Hay quienes, como Humbert Humbert con su Lolita, deciden intervenir más temprano y construir su ideal ab ovo. Humbert fantasea con instruirla, convertirla en su pupila; esculpirla como un verdadero Pigmalión. Pero Humbert Humbert, no es más que un escritor fracasado, lo dioses no pueden obsequiarlo con un regalo que no se ha ganado con su arte y pueden en cambio torturarlo, poniendo en él la capacidad de imaginarlo hasta el último de sus detalles. Tal es la condena de Nabokov o la de Proust, cuando intentan reproducir una memoria infinita con la palabra; no pueden alcanzar más que un fetiche, un objeto que produce salivación y que genera después de un tiempo una desesperanza aprendida. Más extremo aún es el caso del personaje de César Aira en su “Novela China”, donde el protagonista adopta una recién nacida para que sea su futura esposa. El plan supera al deseo, se convierte en una compulsión que jamás obtendrá a su objeto. Son todos fracasos positivos, esfuerzos vanos que con suerte ponen ante nosotros la detestable moraleja de ser medidos en nuestras pasiones.

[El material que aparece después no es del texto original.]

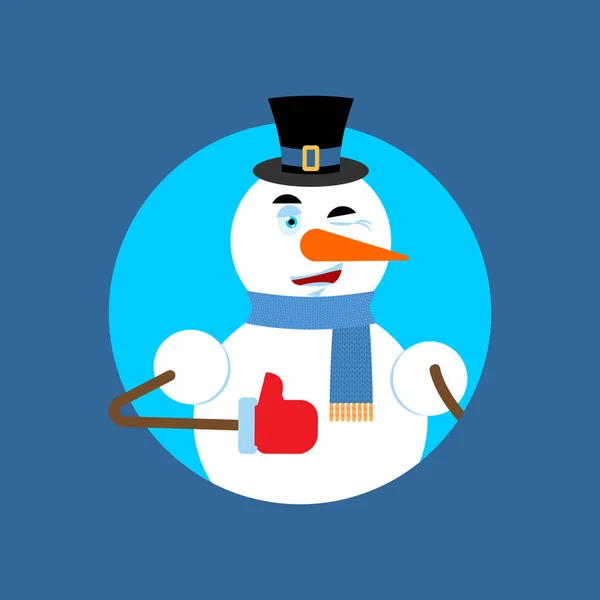 Snögubbe tummen upp blinkningar emoji. Nyår och jul vektor sjuk — Stock vektor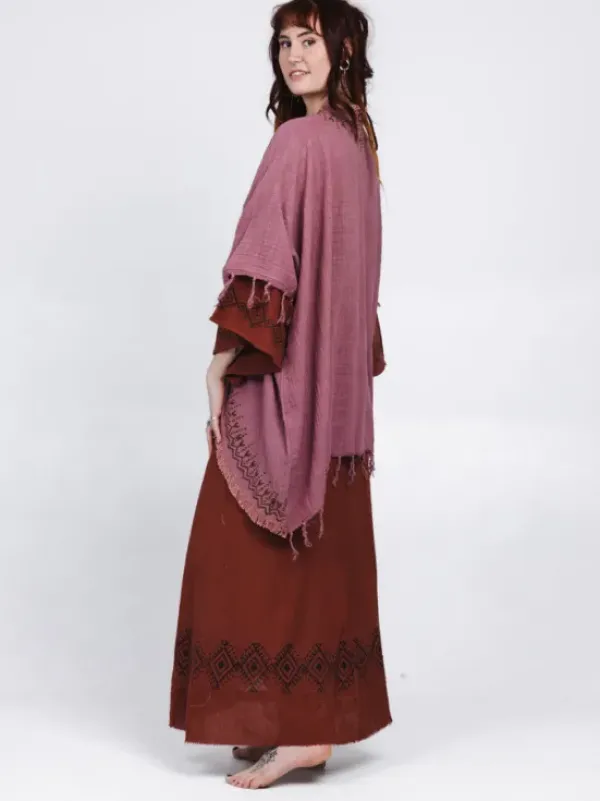 The TwoSisters Plus Size|Nomad Chic Collectie-Terra Soul Kimono Oud Roze
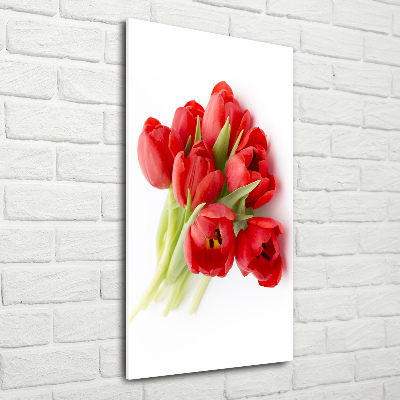 Cuadro decorativo en cristal con canto pulido vertical tulipanes rojos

La imaginación es el bien más preciado del gustador en su admiración de la obra perfecta. Pero para que haya imaginación deberá existir primero una falta, una pérdida. Ese momento perdido, ese edén particular e irrepetible es el que busca sin cesar el hombre de gusto. Y es que la belleza, precisión y armonía de esta máquina que es lo vivo, sólo se hace visible con una fuerza capaz de accionarla, de darle en su influjo el movimiento para poder interpretarla. Tal es el músculo del gusto, ese gran creador de mitos, animador de arena incansable que desafía todo lo corruptible y por el cual padecemos hoy como verdaderos mártires.


[1] Schopenahuer desarrolla esta idea en su tratado sobre la voluntad en la naturaleza, contenido en su Die Welt als Wille und Vorstellung.